Before the Revolution, most of the treatises that were written on monarchical power were actually devoted to the formulation of moral advice about the attitude and behaviour that a Prince should observe in the exercise of his supreme power. There is no power superior to the King’s in the temporal sphere; he is the highest instance of the political community. He is the only one who can create laws: “ordination of reason to the common good, promulgated by the one who has the care of the community”. He is the supreme Judge: there is no appeal to anyone else above him, and he confirms or annuls the sentences of the Judges and Courts which dictate justice in his name.

This is the reason why the treatise writers devoted themselves to establishing simple moral precepts to which a King had to conform for the correct government of the political community, with a view to the goal of the common good. Many of these precepts could end up being approved by law by the Monarch himself, but his obligation to observe them never passed from a moral or conscientious level to a strictly juridical level. In reality, everything depended on how the Christian Monarch exercised the virtue of prudence. All his governmental actions had to be based on the exercise of this primordial moral virtue, and the laws and the request for advice to his vassals (the Royal Council, the Courts, etc.) were also in accordance with the King’s free will ruled by prudence, which demands this kind of measures to better direct the actions of Power in order to better achieve the common good, which constitutes the true and authentic art of politics. All this is also valid for the legitimate Kings of our present revolutionary age, with the difference that their decisions of political prudence are dictated from the sad sphere of opposition — aiming at the recovery of effective political power, which has been usurped; and only historians will be able to judge if those concrete decisions, taken in each moment, with this or that piece of advice from their subjects, were or not correct.

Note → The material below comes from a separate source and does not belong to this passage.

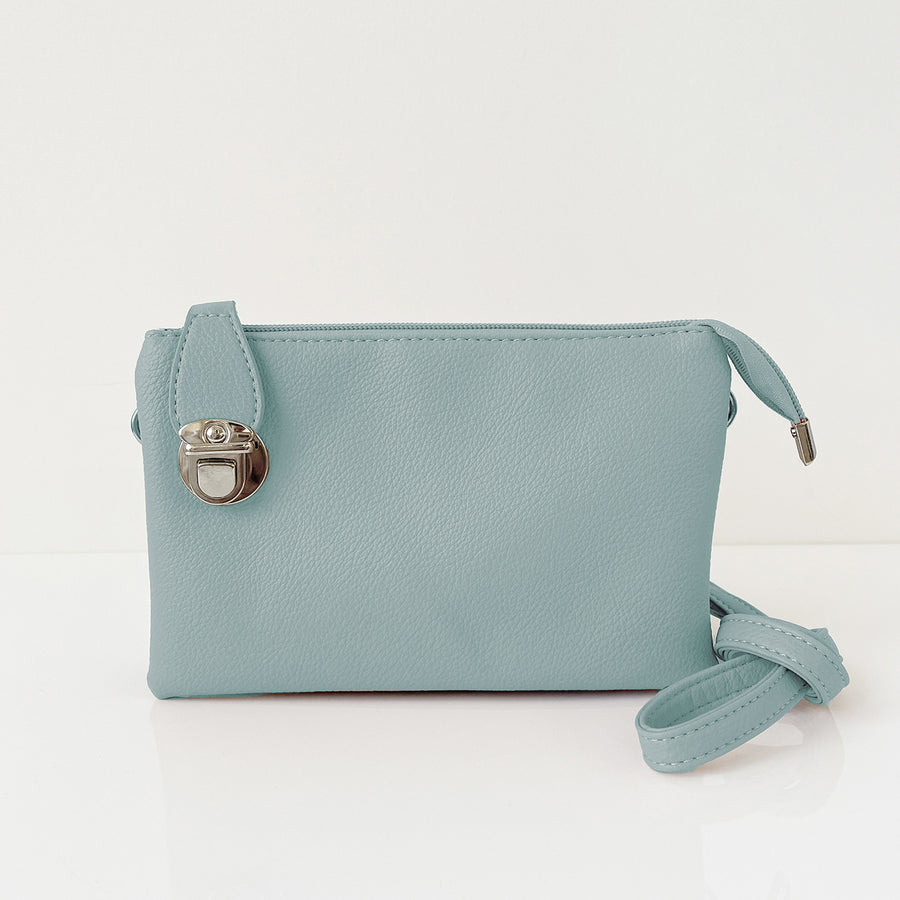 SAC SOUPLE MULTI POCHETTES ET GANSE AJUST ET DRAGONNE AMOVIBLE-IMITATION CUIR - BLEU PÂLE | XBODY BAG W/MULTI POCKETS & REMOVABLE ADJ. STRAP & WRISTLET-IMITATION LEATHER - LIGHT BLUE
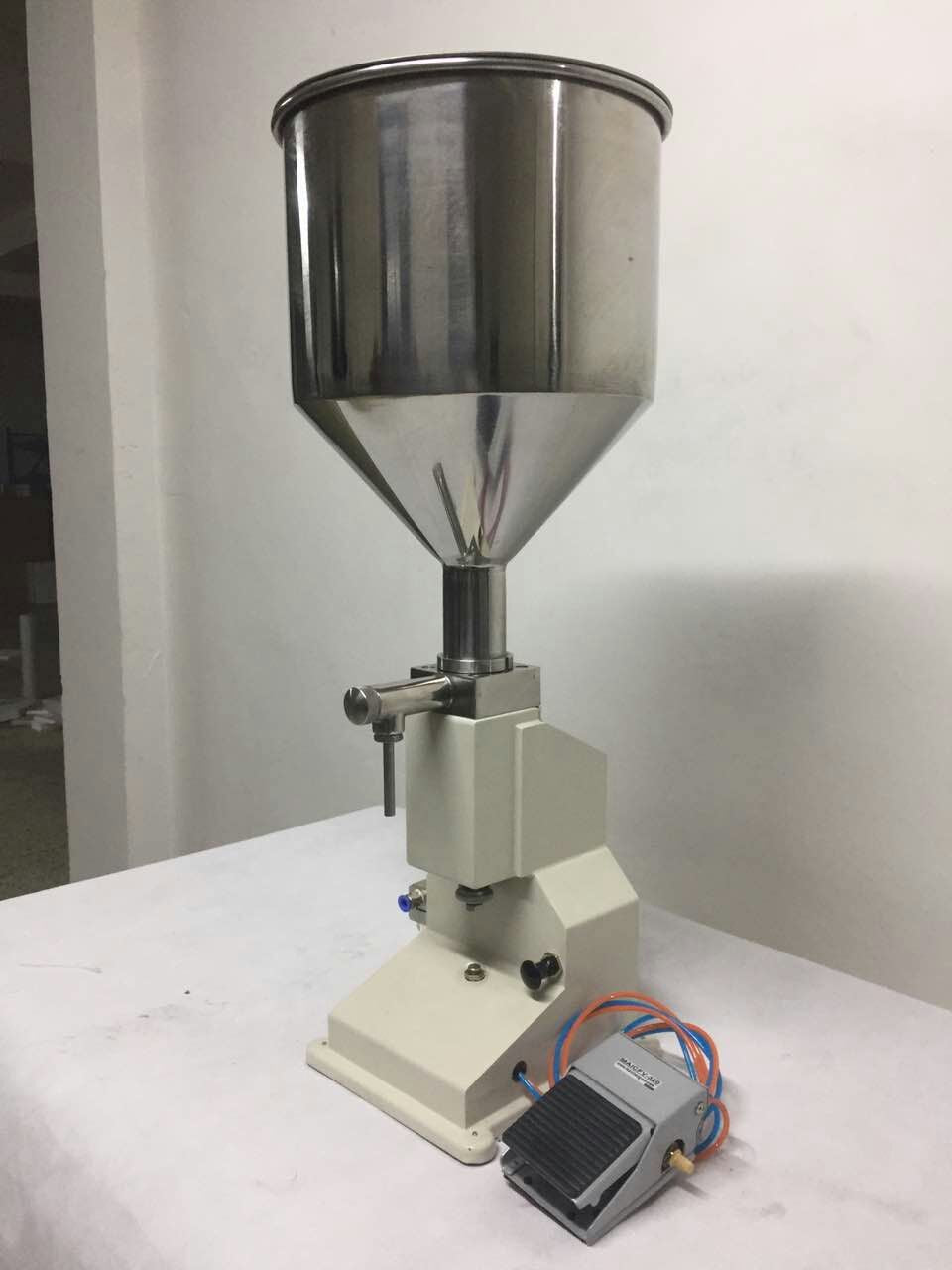 Llenadora de liquidos viscosos - Neumatica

This flexible conception of supreme power, characteristic of traditional Spanish law, is clearly opposed to that of our current revolutionary era. The era initiated in the “Cortes” of Cádiz is characterized by an excessive control and regulation of political power, which is distrusted according to Lord Acton’s remark: “power tends to corrupt, and absolute power corrupts absolutely”, implicitly denying the natural character, not only of the political power of the community, but even of the patria potestas. This distrust of power translates, in practice, into an iron control of it through that branch of the new “law” called “political law”, or, more specifically, “constitutional law”, since it is a matter of regulating it through the so-called constitutional “laws”. The Cádiz constitutionalists would fail in this attempt of “juridical” domination of the Royal Family, which is why they had to resort to usurpation, implanting another family more docile to their attempts. It was then that the revolutionaries proceeded to extend this same regulatory domination to the rest of the Spanish families: this branch of the new “law” was called “administrative law”. The pro-revolutionary Cabinet of Cea Bermúdez, after creating the so-called “Ministry of Public Works” in November 1832 (which brought together what we know today as the Ministry of the Interior and the Ministry of Public Works itself), entrusted its direction to Javier de Burgos, the true founder of “administrative law” on Spanish soil. It is curious that this “neutral” and “objective” omnicontrolling “law” was developed and consolidated mainly during the periods of moderate or conservative revolutionary “government”, reaching its paroxysm during the time of the Francoist technocracy of López Rodó and Fernández de la Mora (with their well-known slogans about the “twilight of ideologies” and the “State of works”.)

The legitimate King is responsible for his acts before God, and must exercise them according to the virtue of prudence. The State that replaces him, on the contrary, under the guise of preventing the “despotism” of political power or the overreach of any Spanish family, floods us with a monstrous multitude of ordinances at all levels (finance, labour, health, education, etc.) whose purpose, in truth, is to ensure the totalitarian strength of an oligarchic minority turned quasi-despotic.